Cipressi come barriere antifiamme Arrivano dal Cnr una serie di preziose indicazioni sulla mitigazione ambientale e contrasto degli incendi boschivi, almeno per il bacino del Mediterraneo. Sarebbero biancospini e tigli gli alberi più indicati a contrastare smog e emissioni di CO2. Mentre i cipressi si sarebbero rivelati delle perfette barriere anti-incendio Ma procediamo con ordine. La ricerca sulle alberature in gradi di contrastare l'inquinamento atmosferico sono partite nel 2007.

Spiega Rita Baraldi dell'Ibimet- Cnr di Bologna:

Durante la fotosintesi, le piante non solo accumulano CO2 dall'atmosfera e liberano ossigeno in modo direttamente proporzionale alla superficie fogliare ma rilasciano anche nell'aria i Voc (Volatile Organic Compounds), che impartiscono il caratteristico profumo alla pianta e l'aiutano a sopravvivere, attraendo gli insetti impollinatori e proteggendola da condizioni ambientali sfavorevoli, quali temperature e intensità luminose eccessive. I Voc hanno un ruolo determinante nella chimica dell'atmosfera, contribuendo alla formazione e/o alla rimozione di ozono troposferico, presente negli strati più bassi dell'atmosfera in funzione della concentrazione di sostanze inquinanti antropogeniche (traffico veicolare, processi industriali, riscaldamento degli edifici), in particolare degli ossidi di azoto (NOx). Una corretta progettazione delle coperture verdi in città richiede dunque un'opportuna scelta delle essenze vegetali da impiantare.

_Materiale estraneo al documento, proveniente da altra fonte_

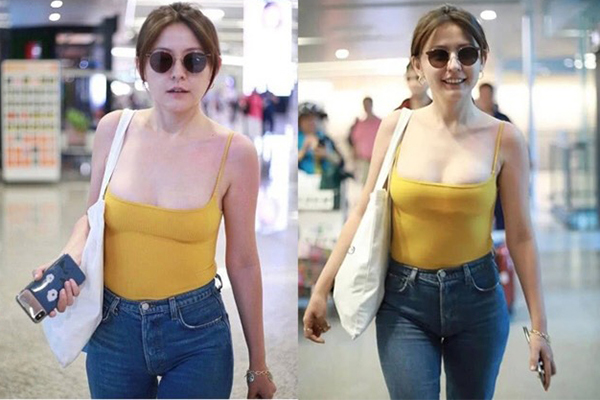 Mỹ nhân Tân Cương gây tranh cãi vì mặc hở ở sân bay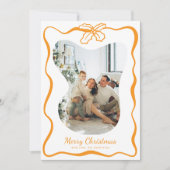 Cute Whimsical 4 Photo Doodle Poinsettia Christmas Feestdagenkaart (Voorkant)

Tra le specie maggiormente adatte a contrastare le emissioni di CO2 appunto il biancospino (Crataegus monogyna), il tiglio selvatico (Tilia cordata) e l'orno (Fraxinus ornus).

Diversa funzione ha, invece, il cipresso, che si sarebbe dimostrato una efficace barriera frangifiamme. Secondo le ricerche condotte dall'Istituto per la protezione delle piante (Ipp-Cnr) barriere verdi di cipresso contrasterebbero efficacemente incendi fino a quelli di media intensità.

Spiega paolo Raddi ricercatore Cnr:

Prevediamo la realizzazione di fasce verdi costituite con 50 cloni di cipresso della varietà a chioma espansa, resistenti al cancro, disposti su 17 file con un sesto d'impianto di 3mx3m. Il cipresso ha una bassa infiammabilità rispetto ad altre specie mediterranee e l'aspetto largo della varietà horizontalis, insieme all'elevata acidità della lettiera (le sostanze organiche morte che si raccolgono alla base) ostacolano la germinazione dei semi e quindi lo sviluppo delle piante di sottobosco. La stessa lettiera si mantiene umida e compatta grazie alla sua capacità di ritenzione idrica e il tronco liscio ostacola la progressione dell'incendio. Il cipresso, poi, si ‘autopota' negli anni, allontanando da terra la massa infiammabile.